Sam Lemonick should be commended for a nice article on machine learning—well researched and written and quite readable (C&EN, Aug. 27, page 16).
However, it glosses over the origins of the efforts before our current computer age—experimental design (ED). Efforts without proper ED often result in the problem of GIGO (garbage in, garbage out).
Two classic books on ED are “The Design and Analysis of Industrial Experiments,” edited by Owen L. Davies, and “Statistics for Experimenters,” by George E. P. Box, William G. Hunter, and J. Stuart Hunter.
Anyone desiring to understand the artificial intelligence (AI) verbiage flowing around data analysis would be well advised to read the Davies volume to understand the absolute necessity of proper ED and the Box, Hunter, and Hunter volume for a modernized version, which includes the early application of computers for crunching all the numbers. Both volumes make strong cases that without proper ED, one will inevitably end up mired in the GIGO problem.

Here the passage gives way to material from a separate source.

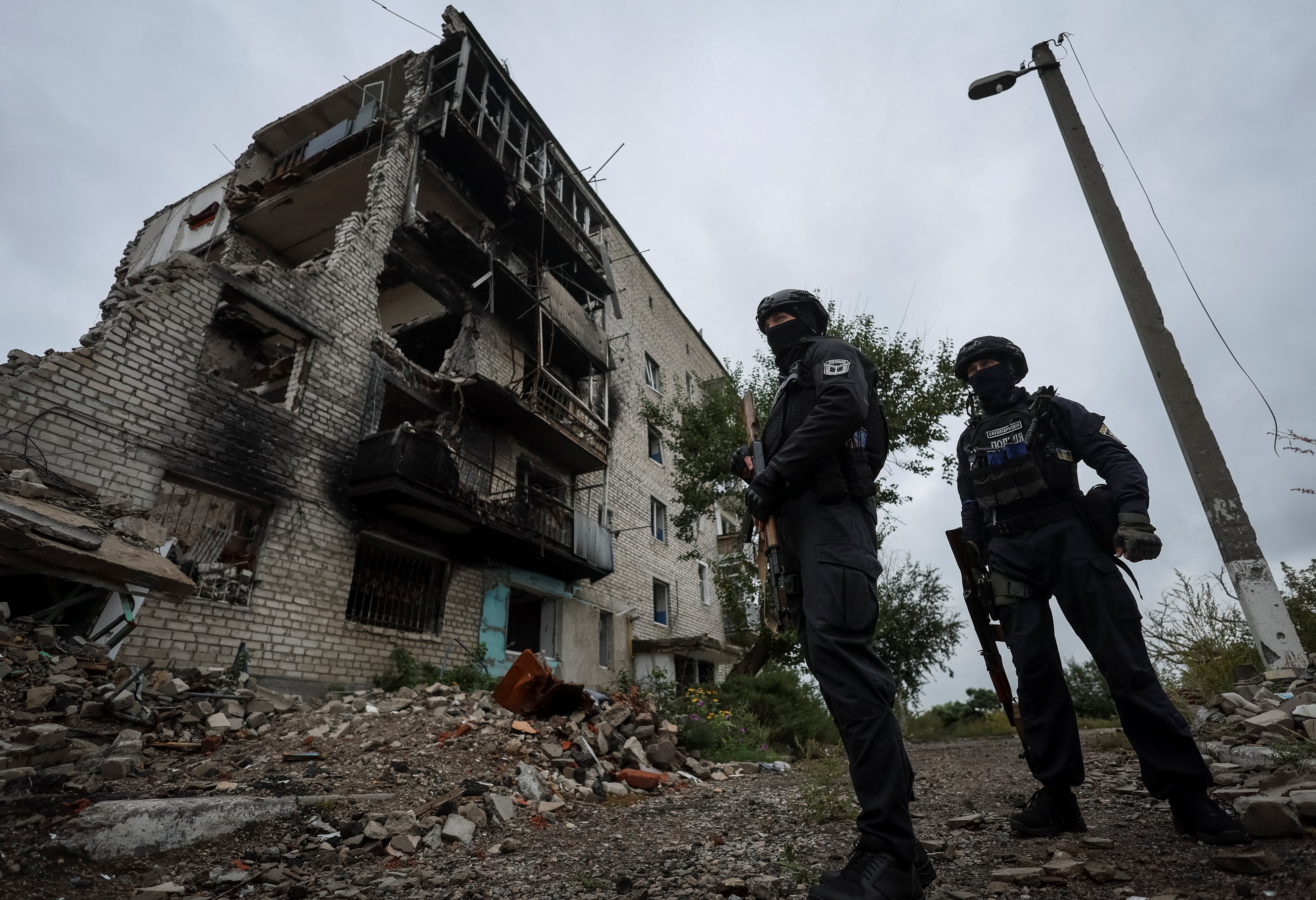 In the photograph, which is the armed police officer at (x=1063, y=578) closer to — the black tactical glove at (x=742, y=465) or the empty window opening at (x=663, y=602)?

Sadly, the discussion does not adequately describe how essential that first step is. Without it, one is merely engaging in black-box crunching without any sanity checking. My 35 years in industrial chemical research was benefited substantially by Davies and later by Box, Hunter, and Hunter when personal computers became available for routine use. While mainframes existed previously, they were not readily accessible to most of us.
In the course of my career, I often performed sanity checks by first using ED techniques and then later the linear algebra AI approach. However, I always used the ED technique, even for the AI analysis, so obtained quite similar results (usually looking for a sweet spot). Without ED, most people found the black-box approach of AI unsatisfying because it did not contribute any real learning to the process—just an “answer,” which did not teach anything about how to get there. We routinely found that for teaching purposes, the former was always superior because it allowed us to learn our way forward.
I am not trying to denigrate the use of advanced methods of computer analysis to shorten the computational steps necessary in the whole process. But to label that “machine learning” is misleading and perhaps even damaging to scientists trying to advance overall learning in their fields. Without understanding the ED step in the overall process, my view is that little actual learning will occur. And is not that the whole point of the scientific process?